Amazon Forest Fires May Have Already Destroyed Thousands Of Animal Species

The Amazon is home to 10 percent of all animal species in the world and some have adapted to niche habitats of the forest like the Milton's Titi monkey and the Toucans. There are fears that the raging forest fire might have led to the extinction of a few species and endangered others.
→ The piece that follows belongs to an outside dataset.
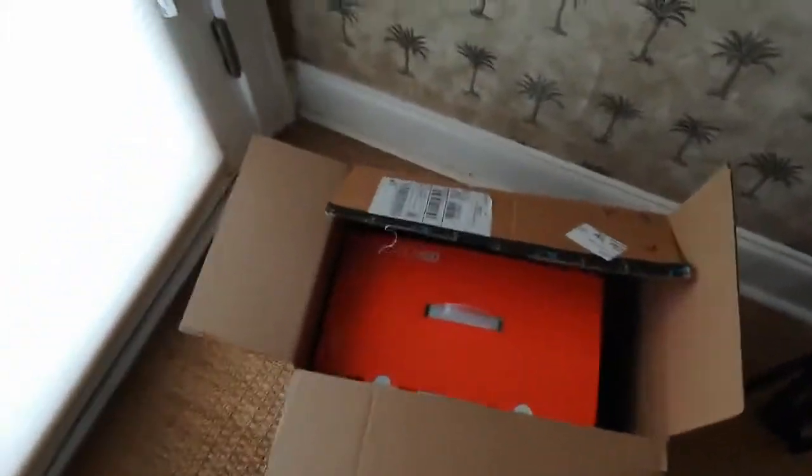Hey everybody, I'm doing an unboxing video. I got the Godox SB6D and I got it from Amazon. Yes, I'm doing it in the corner of my room.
The Amazon forests are on fire, and no one seems to be bothered by this catastrophe, least of all the Brazillian government.  The Amazon is considered to be one of the biggest lung spaces in the world, and people aren't concerned that 1 in  10 living species of animals on earth live here whose natural habitat has been destroyed.  The environmental implications of the fires will manifest itself in all kinds of ways very soon in the future. A large part of the forests fall under Brazil but the country's Prime Minister, Jair Bolsenaro has clearly stated that his government does not have the resources to fight the fires - a clear dereliction of duties as a leader of the country but frankly no one is surprised.



 

 

Shortly after coming into power, Bolsenaro indicated that he planned to open up the Amazon for business. Some believe that the fires were deliberately started. Species of animals in the Amazon are not adapted to face forest fires unlike those in the USA and Australia where fires are necessary for the ecosystem there according to  National Geographic. For example, the black-bellied woodpecker, found in western USA only nests in burnt-out trees and eats beetles inside burned wood. Eucalyptus trees in Australia would die without regular fires, say experts. 



 

 

While forest fires have occurred in the Amazon before, it has not been witnessed on such a massive scale right now. Since last week, at least 9,000 wildfires have been raging at the same time and these also include the areas under Bolivia, Paraguay, and Peru. There are fears that many species of animals that are native to these forests could have even gone extinct due to the fires, or their status in the endangered list could have been fast-tracked because of it.  In 2011, the Milton’s titi monkey species was discovered for the first time in the southern Amazon that’s currently beset by fire and one fears for the worst for the animals.



 


The Mura’s saddleback tamarin, another monkey species, found in central Brazil could have also been affected by the fires, researchers believe. Carlos César Durigan, director of the Wildlife Conservation Society of Brazil said, "I (fear) we may be losing many of these endemic species." Amphibians that partially dwell in small water bodies and creeks will also be threatened since raging fires burn right over these small water bodies. Additionally, they could also change the water chemistry to make it unsustainable for life in the short term, said Mazeika Sullivan from the Ohio State University. 



 

 

Sullivan, an associate professor at the School of Environment and Natural Resources, has done fieldwork in the Colombian Amazon. Many 'specialists' species adapted to the niche Amazon habitat like Toucans who eat fruits that other animals can’t access could also be severely affected them since the wildfire could destroy their food supply. Spider monkeys could also suffer the same fate. "What happens when you lose the canopy? They’re forced into other areas with more competition. Once you take the rainforest away, (you lose) 99 percent of all species," said Sullivan. 



 

 

The only animals who could escape or benefit from the fires are fast-moving ones like Jaguars and Pumas who are very mobile and could move away from the fires. Raptors are other species who would benefit but these are very small in number. Others like sloths, lizards, and frogs would quickly die. "In the Amazon, nothing is adapted to fire. Basically, the Amazon hadn’t burnt in hundreds of thousands or millions of years," said William Magnusson, a researcher at the National Institute of Amazonian Research (INPA) in Manaus, Brazil who specializes in biodiversity monitoring and added.